- Opening Delimiter -

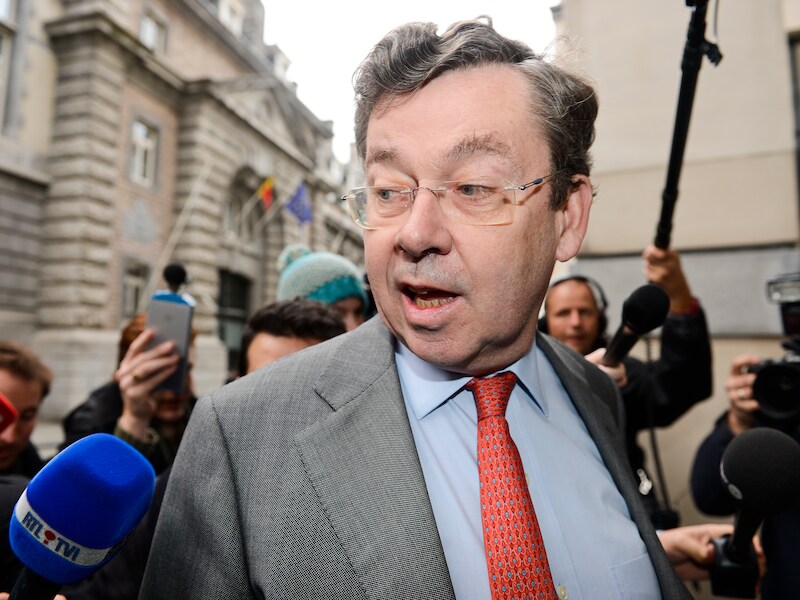 Didier Bellens vraagt een minnelijke schikking van "in de miljoenen" van zijn vorige werkgever, Belgacom.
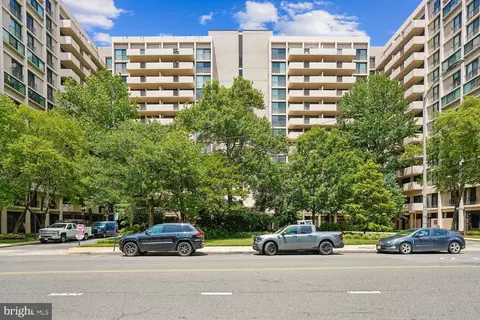 4141 N Henderson Rd #904, Arlington, VA 22203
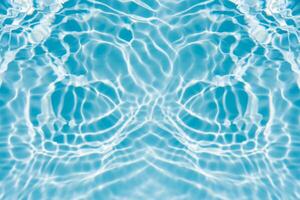 água superfície. água Azul ondas em a superfície ondulações borrado. desfocar borrado transparente azul colori Claro calma água superfície textura com respingo e bolhas. água ondas com brilhando padronizar. foto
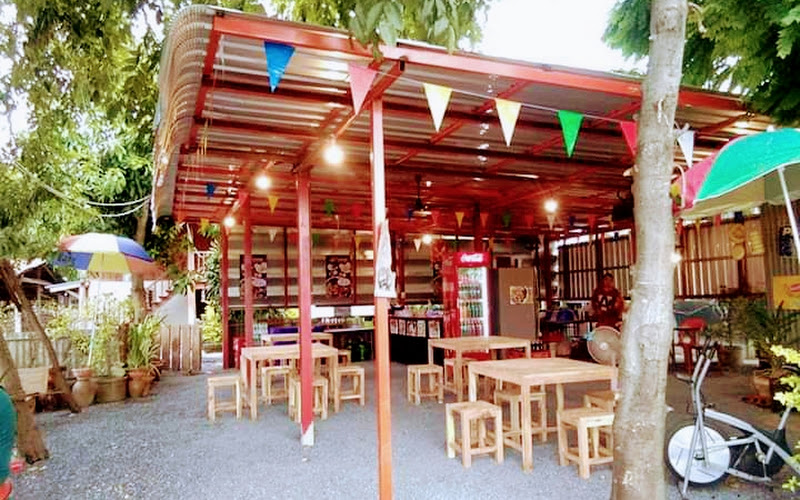 Pad Thai Barn & Fresh Coffee (Barn Cafe)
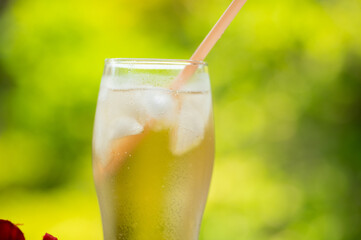 夏と冷たいドリンク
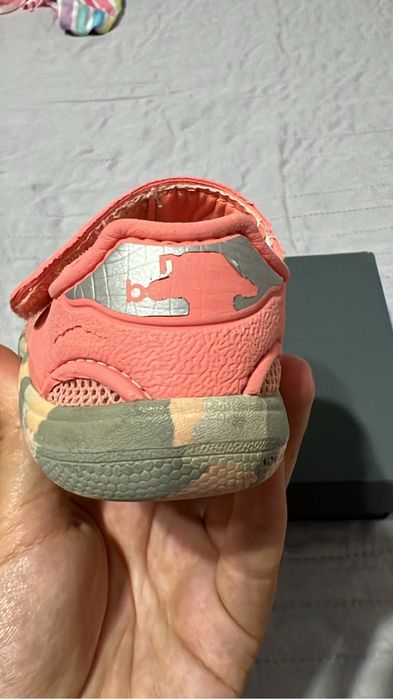 Sandale NewBalance fetite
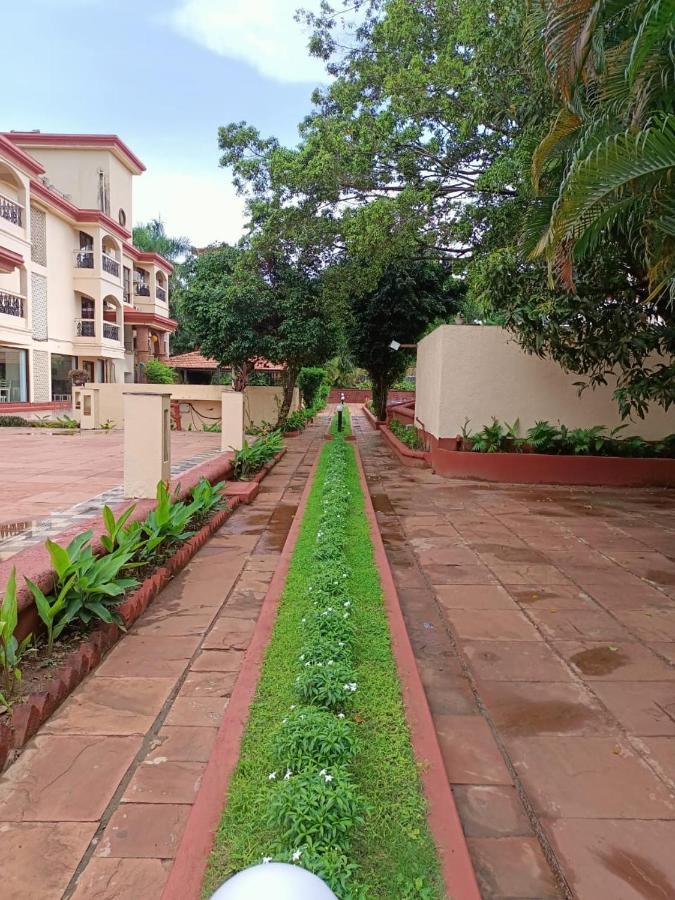 Sun City Resort Baga Exterior foto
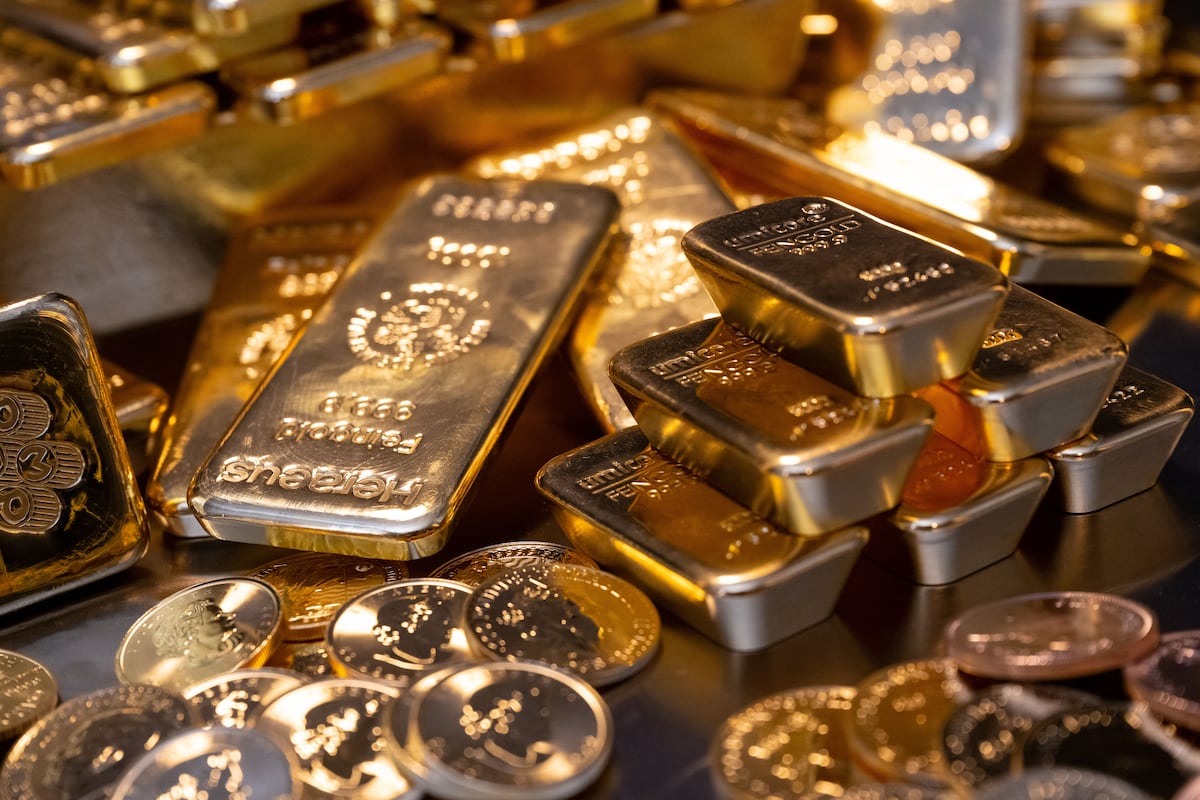 El oro se sacude con los giros de Trump en la guerra con Irán y salva las ganancias de 2026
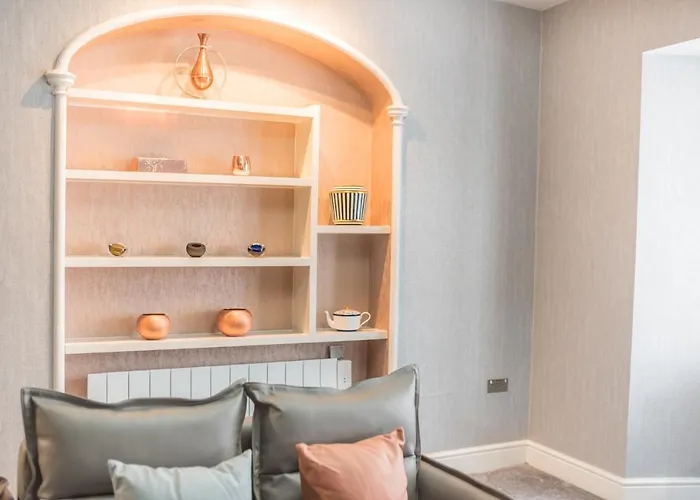 The Old Stamp House Retreat- Three En-suite Bedrooms Village Location Apartment Ambleside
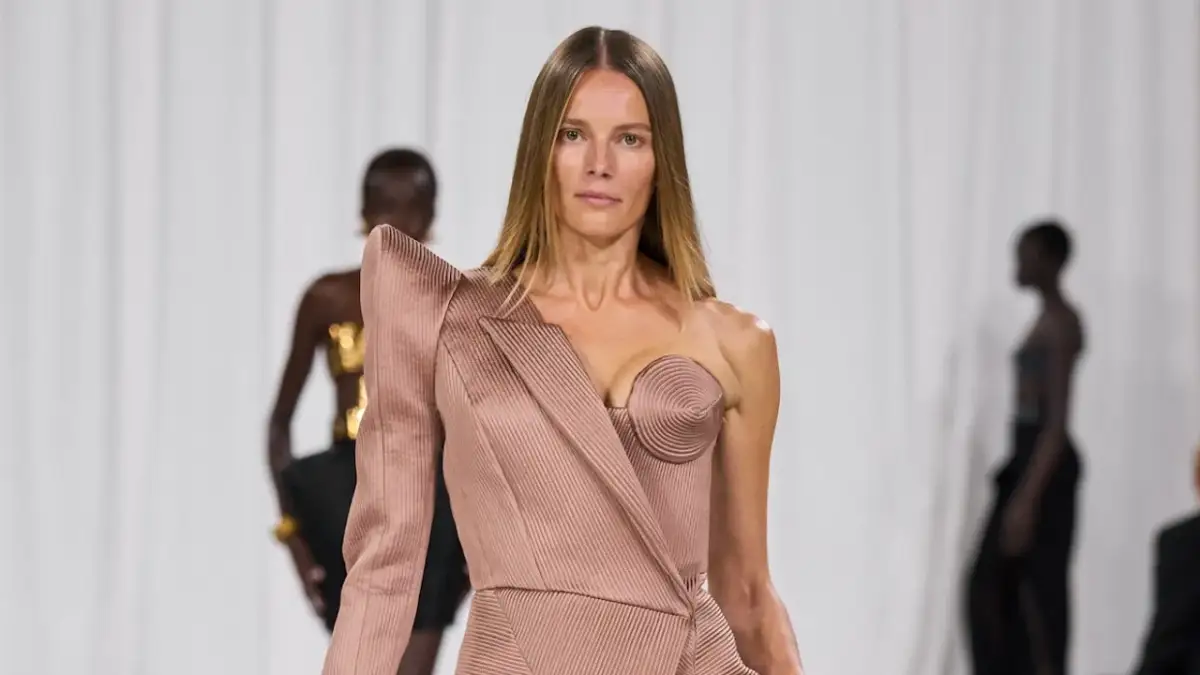 Pudrowy róż w modzie: dlaczego to kolor, który musisz znać?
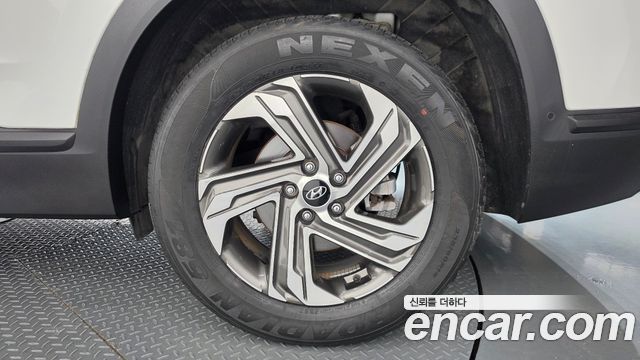 Hyundai Santa Fe Diesel 2.2 2WD Prestige 2021 — фото 21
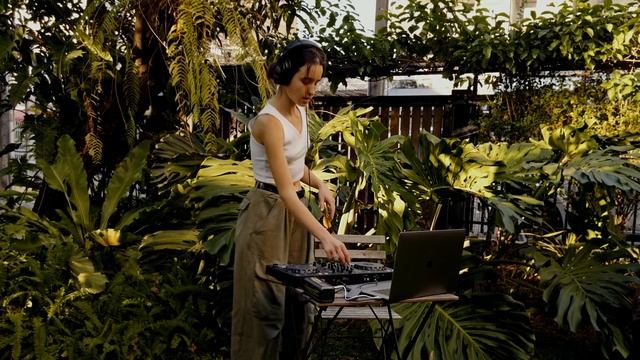 Klaudia Kováčová - Afro House Set ｜ Deep Funky Grooves & Afro Beats смотреть онлайн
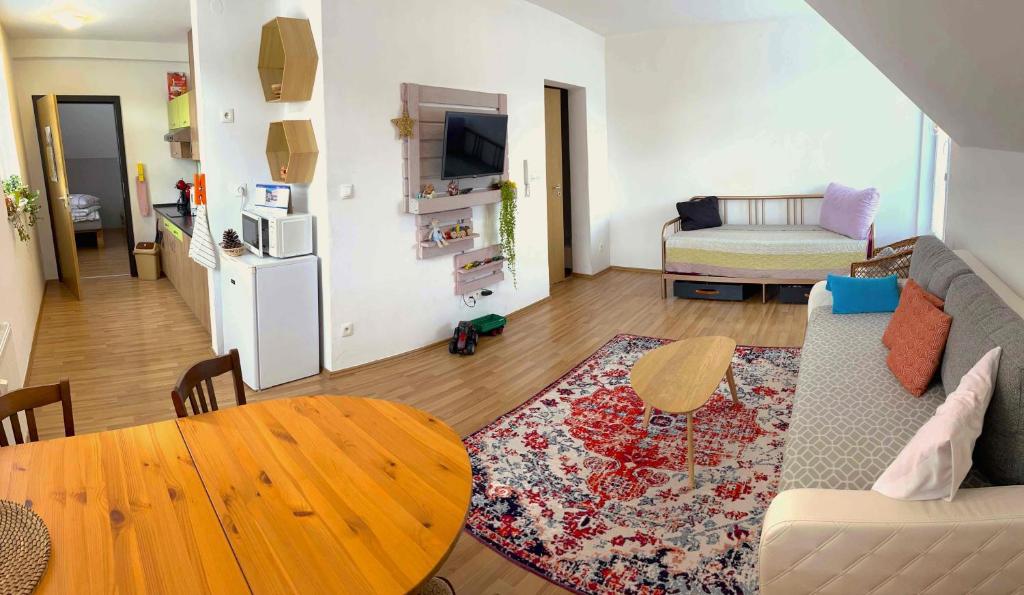 sala de estar con sofá y mesa en Dvojizbový Útulný Apartmán Oščadnica, en Oščadnica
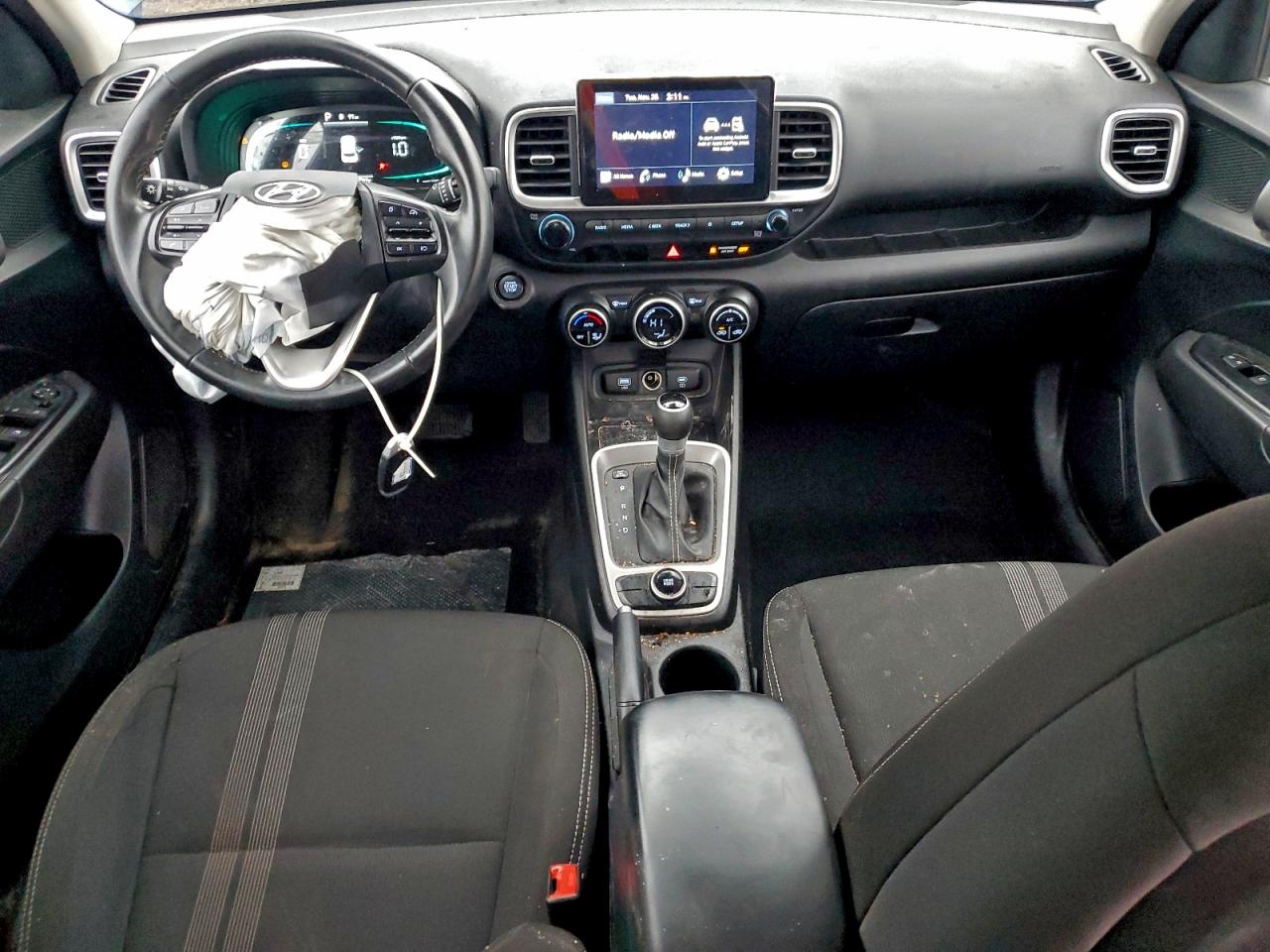 Hyundai VENUE Sel Image 9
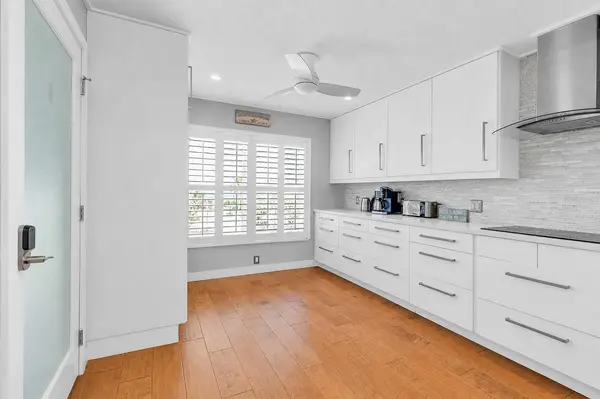 2300 AVENUE B, Bradenton Beach, FL 34217
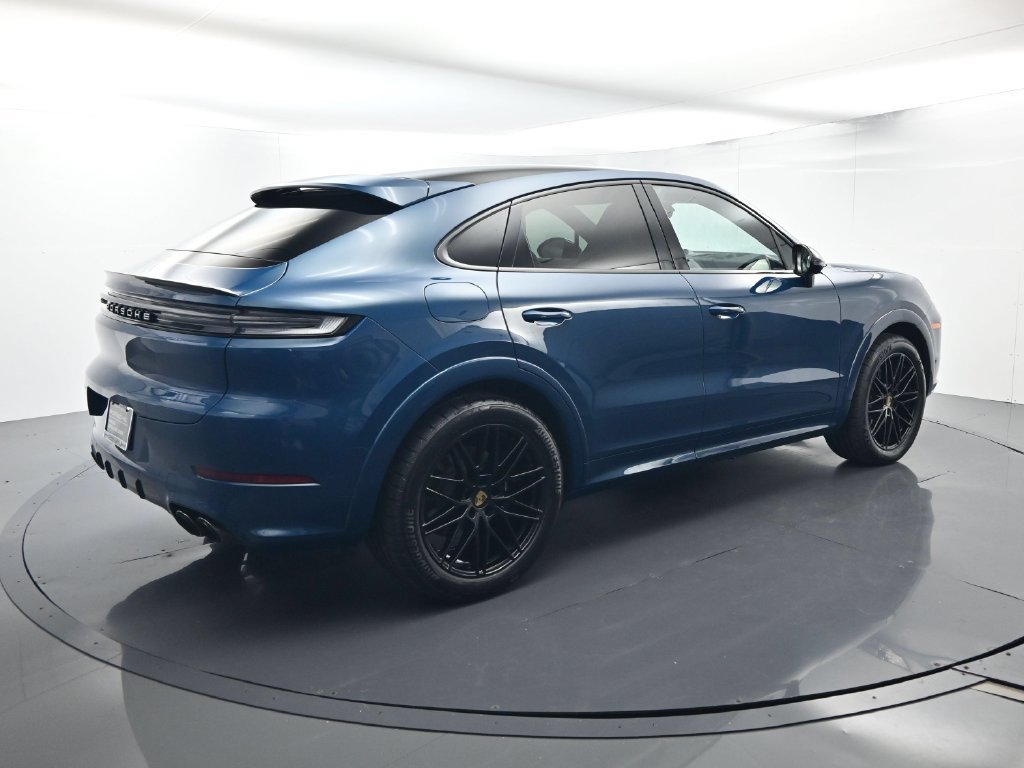 Certified 2024 Porsche Cayenne Coupe AWD/4WD image 15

- Closing Delimiter -

Reproduce the data above exactly, leaving out any picture in it.

> _Response to the task_
 Didier Bellens vraagt een minnelijke schikking van "in de miljoenen" van zijn vorige werkgever, Belgacom.
 4141 N Henderson Rd #904, Arlington, VA 22203
 água superfície. água Azul ondas em a superfície ondulações borrado. desfocar borrado transparente azul colori Claro calma água superfície textura com respingo e bolhas. água ondas com brilhando padronizar. foto
 Pad Thai Barn & Fresh Coffee (Barn Cafe)
 夏と冷たいドリンク
 Sandale NewBalance fetite
 Sun City Resort Baga Exterior foto
 El oro se sacude con los giros de Trump en la guerra con Irán y salva las ganancias de 2026
 The Old Stamp House Retreat- Three En-suite Bedrooms Village Location Apartment Ambleside
 Pudrowy róż w modzie: dlaczego to kolor, który musisz znać?
 Hyundai Santa Fe Diesel 2.2 2WD Prestige 2021 — фото 21
 Klaudia Kováčová - Afro House Set ｜ Deep Funky Grooves & Afro Beats смотреть онлайн
 sala de estar con sofá y mesa en Dvojizbový Útulný Apartmán Oščadnica, en Oščadnica
 Hyundai VENUE Sel Image 9
 2300 AVENUE B, Bradenton Beach, FL 34217
 Certified 2024 Porsche Cayenne Coupe AWD/4WD image 15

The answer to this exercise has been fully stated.